Antibiotics are used widely in animal feeds to treat animal disease or as growth promoter in developing countries, especially in some feedlot with much higher density of animals, thus may increase the antibiotic resistant bacteria and change the fecal microbiota in the animal. Feces from 8 chicken’s feces from a small farm house with total 8 chicken raised and scarcely using antibiotic and 10 chicken’s feces from in a huge feedlot with high chicken density and frequently using antibiotic were collected. The fecal microbiota from the feces were separately analyzed by pyro-sequencing 16S rRNA V3. The results suggested that the fecal microbiota of small farm-house chicken is more diverse than that in huge feedlot chicken. The mean Shannon diversity index for the farm-house-chicken samples was 5.321 (SD 0.590), significantly higher than that for the huge feedlot-chicken samples 4.398 (SD 0.440) (P=0.008). Furthermore, 69 aerobic-cultivatable-tetracycline-resistant strains were randomly isolated from the chicken’s feces in small farm house and 65 strains from those in a huge feedlot farm, the kind of species of huge feedlot resources is more diverse than that in small farm house. The study concluded that microbiota of farm house chicken feces was more diverse than that in huge feedlot. To the contrary, the aerobic-cultivatable-tetracycline-resistant bacteria was more diverse in huge feedlot. The results suggested that attention should be paid to the changes of microbiota and antibiotic resistant bacteria in the chicken raised in huge feedlot m, as well as their risks in influencing human health.

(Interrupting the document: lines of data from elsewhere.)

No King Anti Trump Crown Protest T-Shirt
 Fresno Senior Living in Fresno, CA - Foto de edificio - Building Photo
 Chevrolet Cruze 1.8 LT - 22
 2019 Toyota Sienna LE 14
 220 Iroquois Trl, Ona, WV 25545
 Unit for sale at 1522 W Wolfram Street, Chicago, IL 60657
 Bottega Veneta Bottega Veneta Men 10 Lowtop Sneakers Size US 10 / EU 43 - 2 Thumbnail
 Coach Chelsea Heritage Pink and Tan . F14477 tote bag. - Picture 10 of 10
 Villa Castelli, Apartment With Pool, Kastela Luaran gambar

To ensure that there were enough 16S rDNA V3 hypervariable region PCR products to harvest, two-step PCR strategy was used. The PCR enrichment of the 16S rDNA V3 hypervariable region was performed with forward primer 5’-barcode-TACGGGAGGCAGCAG-3’ and reverse primer 5’-barcode-ATTACCGCGGCTGCTGG-3’. The 5’ terminal of every primer contained an 8-base-oligonucleotide tag (before the hyphen), while the sequence after the hyphen was able to pare the sequences of the V3 end region. The detail refer to (42). After the PCR reaction, the electrophoresis was immediately performed to isolate the enriched V3 region DNA fragments from the reaction mixture with loading buffer and SybGreen. All of the products were approximately 200 bp in length and were harvested using a gel extraction kit (Gel Extraction Kit, OMEGA Bio-Tek, USA) following the manufacture’s instructions. All of the enriched DNA were mixed to establish the library (50 ng/sample).

The 8 chicken recruit from a small farm house in Licheng town, Li Yan city , JIANG SU province, China, there are total 8 chicken raised in the farm house. The chicken were uptaked with cetotetrine hydrochloride one time through adding into water 13 days ago before sampling because they were ill, the age of chicken is 37 days, the average weight of the chicken is 125 g, the diets of chicken are rice with skin, green vegetable Chinese cabbage and corn-meal-mush. The 10 chicken we enrolled from a huge feedlot ( they have 10,000 chicken) in Nandu town, Li Yan city, JIANG SU province, the chicken’s age is 35 days, average weight of chicken is 7450 g. on the age of 10th day, the chicken were inoculated with Newcastle disease attenuated vaccine by adding into water, on the age of 15th day , they were inoculated with influenza vaccine, before sampling, they were using penicillin in past month, 1-2U/kg adding into water, extends over 3 days; and using amplidox extends over 5 days by add into feed (feed/amplidox=200 g/g), the feed were fed bought from Nantong CHIA TAI Co.,LTD.